Future Banking Activities
Although bounced and returned checks don’t have a direct impact on your credit score, having negative items on your banking history may affect your ChexSystems report, a report that many US banks use to analyze your business’s level of risk. If you have a negative ChexSystems report, banks may refuse to let you open an account.
How To Avoid Returned Item Fees
- Monitor your account regularly: To ensure that you have enough funds in your account to cover all your check transactions, it’s necessary to keep track of your balance regularly. Online and mobile banking lets you check your account balances on the go.
- Track your financial transactions: Monitor your check transactions and automatic payments and compare them with your account balance. Be sure to have sufficient balance in your account before writing checks and before your automatic payments are due.
- Sign up for balance alerts: Some banks allow you to set up email or mobile text alerts that notify you when your account falls below a certain threshold. Balance alerts may also help you spot suspicious charges.
- Deposit extra funds in your account: Create a buffer against insufficient funds by setting a minimum target balance. Deposit funds regularly to keep your account balance within this target threshold. Whenever your balance falls below your target, make sure to replenish the amount as soon as possible.
- Sign up for overdraft protection: Most banks let you enroll in overdraft protection when you open a business bank account. With overdraft protection, your bank transfers funds from your savings account, line of credit, or credit card to cover any transaction against insufficient funds. While overdraft protection can help you avoid incurring returned item fees and hurting your business relationships, you usually need to pay fees for overdraft protection services.
- Choose a bank without NSF fees: Some providers don’t charge NSF fees. Bluevine, for example, declines transactions against insufficient funds but charges no fees for the mistake.
What To Do If You Write a Bad Check
Although you should do your best to avoid returned item fees, it’s helpful to know what to do in the event that you accidentally write a bad check.
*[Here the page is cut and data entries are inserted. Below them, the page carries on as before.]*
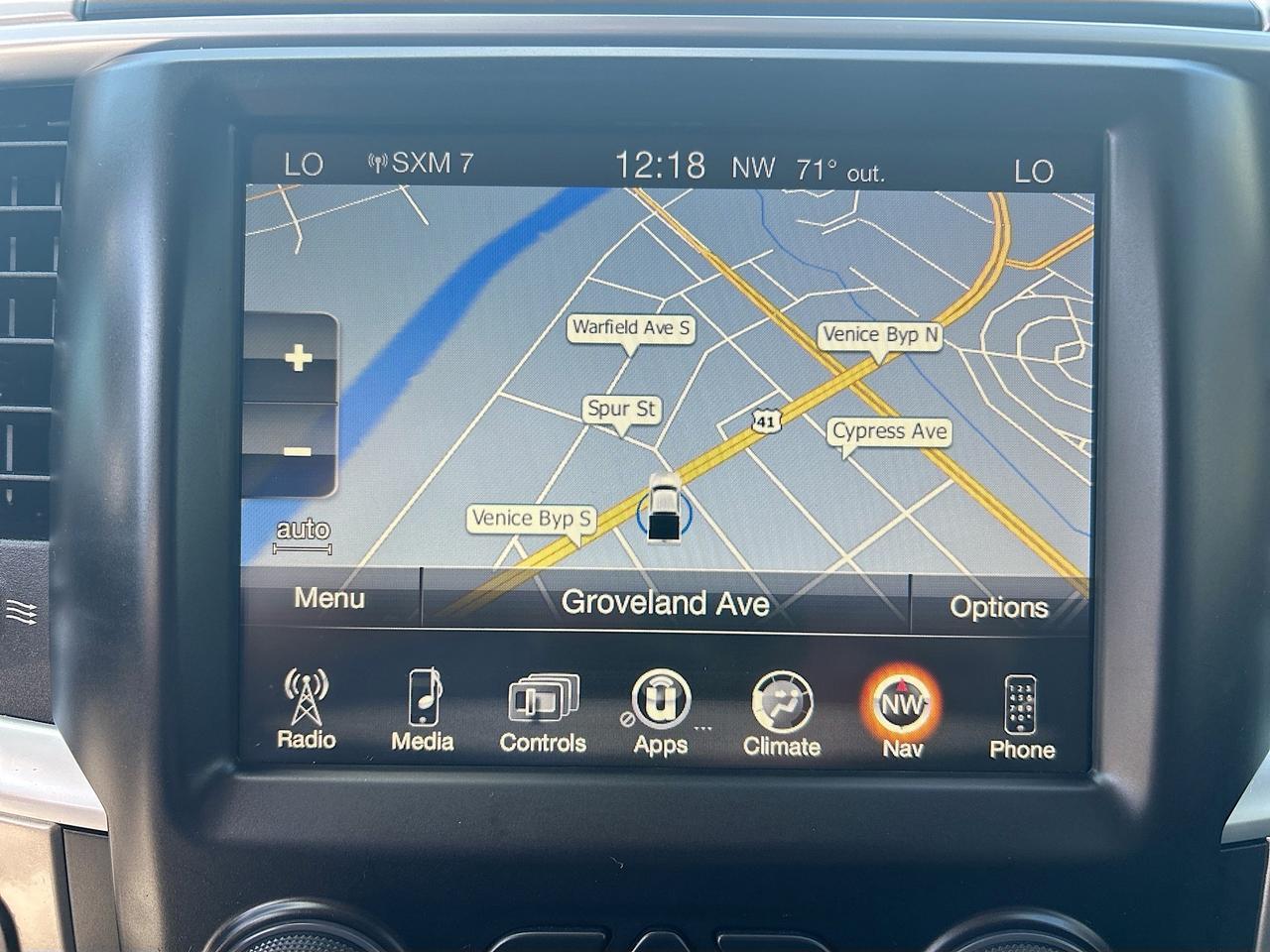 2017 Ram 1500 Big Horn 4x2 Crew Cab Box Venice FL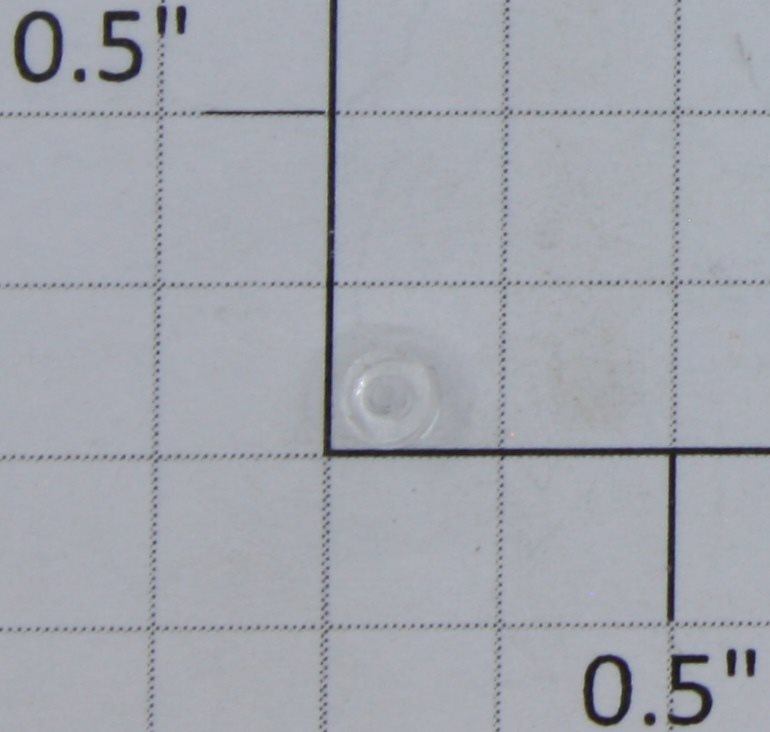 K-Line K3600-X023 9/64"x1/8" Tender Back-Up Lens
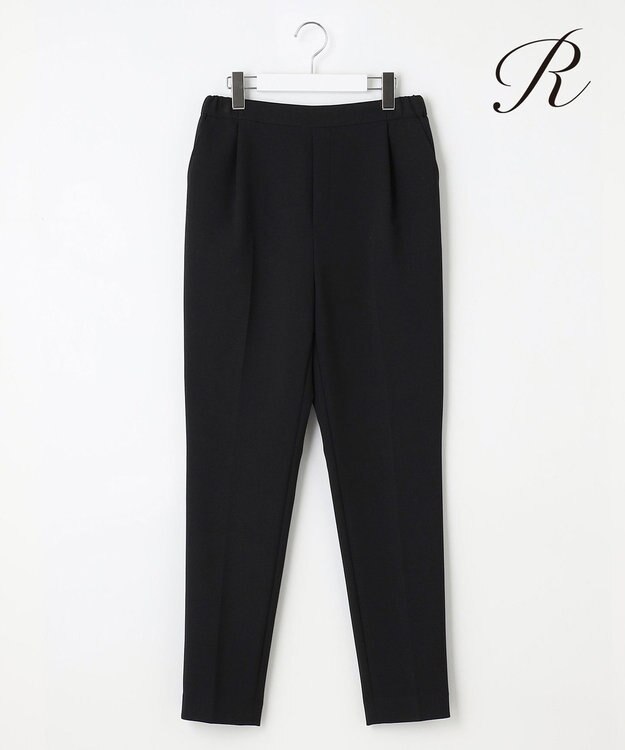 23区 S 【R(アール)】ダブルクロス パンツ ブラック系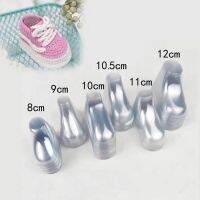 【LZ】❡№  10pcs Baby Shoe Display Stand Limpar Pvc Criança Sapatinho Showcase Suporte Quadro Reutilizável 8/9/10/105/11/12cm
Here are steps you can take to remedy the situation or prevent further damage:
- Contact the payee of the check: As soon as you find out that your check has bounced, it’s important to contact the recipient right away to apologize. This way, you can avoid damaging your business relationship with the check recipient.
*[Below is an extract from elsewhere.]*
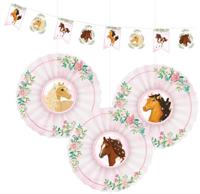 Decoratieset Paarden Beautiful (4st) - thumbnail
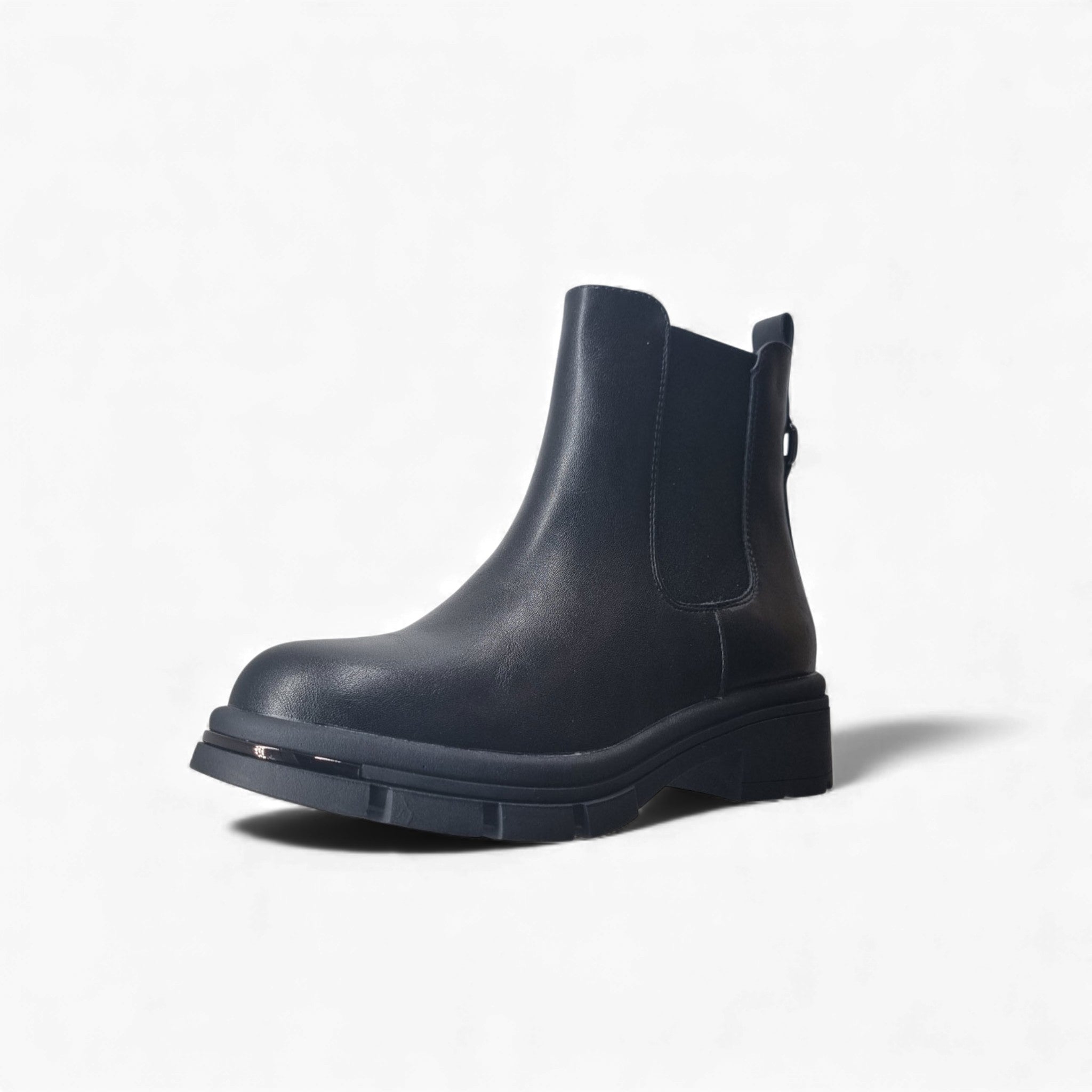 Galia Stivaletti senza stringhe Nq da Donna – Nero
- Pay your debt: Make payment arrangements with the recipient and pay your debt as soon as possible, including the returned check fee, if applicable.
- Pay the returned item fees: Make sure to pay the fees charged by the bank. If you have a good business relationship with your bank, you can also try to request a refund.
- Ask for receipts or acknowledgment of your payments: Once your balance is paid, ask for receipts from the check payee. Additionally, ask your bank for a receipt for the paid returned item fees.
- Monitor your account and financial transactions: To prevent repeating the mistake, monitor your account and all your financial transactions on a regular basis.
Bottom Line
Incurring returned item fees repeatedly can damage your business finances, reputation, and banking history. To avoid writing bad checks and being charged NSF fees, find time to monitor your account balances to ensure that you have enough funds in your account to cover all expenses.